Leave Your Spouse A Financial Roadmap

We recently read a WSJ story about Alice Nakhimovsky, a 75-year-old retired professor who was left scrambling (for a whole year) to decode her late husband Sasha's financial world after his sudden death.  While sharing the details of Mrs. Nakhimovsky’s story, the article's author highlighted how common it is for one spouse (often the husband) to handle all investments and bills, leaving the survivor overwhelmed.  That observation is backed by a 2024 Thrivent survey showing just 48% of widowed women felt prepared to manage finances post-loss. Mrs. Nakhimovsky’s year of frustration (including literal screams at confusing accounts) doesn't have to be anyone's story. Here's how couples can avoid it:

 

·       Build shared financial literacy early: Don't let one partner be the sole "finance whisperer." Schedule regular "money dates" to review budgets, investments, and bills together. Alice wishes she'd learned the basics sooner—start with free resources like Khan Academy's personal finance course or apps like Mint to demystify terms like "brokerage accounts" or "401(k) rollovers."

 

·       Create a master "financial roadmap" document: Compile a single, secure file (password-protected PDF or shared Google Doc) listing all accounts (bank, retirement, credit cards, insurance), logins/passwords, account numbers, and contact info for advisors/brokers. Include locations of key docs like deeds, wills, and tax returns. Update it quarterly and store copies in a safe deposit box or with a trusted family member.

 

·       Set up joint access where possible: For critical accounts (e.g., utilities, mortgages), add your partner as a joint holder or authorized user. For investment platforms like Vanguard or Fidelity, enable multi-user access or designate a trusted contact. This prevented Alice from weeks of phone tag with providers who wouldn't share info without proof of authority.

 

·       Strengthen your estate plan now: Ensure you both have up-to-date wills, living trusts, powers of attorney (financial and medical), and beneficiary designations on life insurance/IRAs that name each other (or backups). Review annually or after life changes. The article notes how outdated beneficiaries can lock funds away unexpectedly.

 

·       Designate an "emergency financial quarterback": Appoint a trusted advisor, attorney, or family member as a point person for the survivor. Alice relied on a financial planner post-loss but having one all along could have helped her avoid some headaches.

 

·       Practice "what if" scenarios. Example: What if one of you couldn't handle finances for a month?

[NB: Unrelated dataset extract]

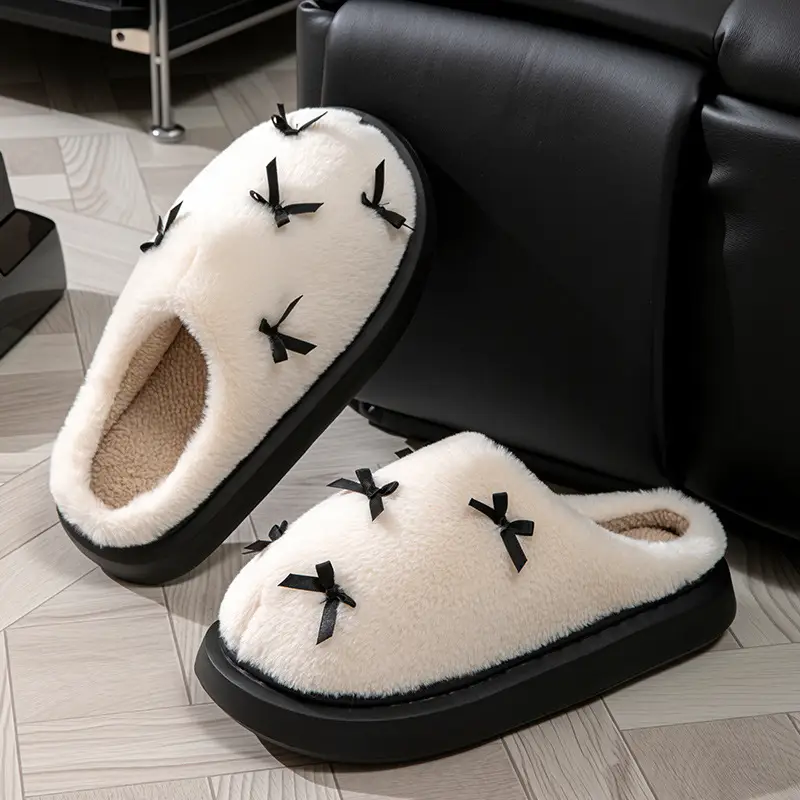 Thick-Soled Outer Wear Cotton Slippers for Men in Autumn and Winter, Warm Home Use, Non-Slip Soft-Soled Silent Plush Slippers for Women, Outer Wear - Image 7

Solution: Have the less-involved partner pay a few bills solo or shadow a portfolio review.

 

·       Secure digital and physical backups: Use a password manager for online assets, and photograph/scan all key paper documents and store them in a safe and accessible place (like your home or the cloud). Also, notify Social Security and employers of the plan for immediate benefit transfers upon death.

 

Implementing these won't erase grief, but as the article emphasizes, they can turn a nightmare into a manageable transition. If you're in a couple, tackle one item this weekend—your future self (or your spouse's) will thank you. 

 

Thing Two  

A Letter From A Happy Medigap Customer 

A recent Wall Street Journal article discussed, as we have multiple times in this newsletter, the pros and cons of Medicare Advantage plan versus a Medicare Supplement plan (Medigap).  Rather than summarize what was said in the article, we thought we’d share one of the replies in the comments section that accompanied the article.  See below:

 

“When I reached Medicare age, I decided to go with Medigap because of the horror stories I had heard about Medicare Advantage Plans, and I have been very happy with my coverage. Yes, it costs more for Medigap (my husband and I pay around $170/month and another $55 for Part D), especially since some Advantage plans cost basically nothing per month. However, you get what you pay for as some of my friends found out who decided to go the Medicare Advantage way because of the cost. Now, it will be even worse for many of them. In addition, in most states, you have to go through medical underwriting to switch to Medigap, so you might not be accepted or pay more for your existing conditions. Word to the wise - if you can afford it, go with Medigap, not Medicare Advantage when first signing up.”

For those who are unfamiliar with the “horror stories” alluded to above, they typically involve slow pre-approval of care or outright denial of service for medically necessary issues.  And, as the author of the post said, those issues may get worse as costs rise and networks shrink.  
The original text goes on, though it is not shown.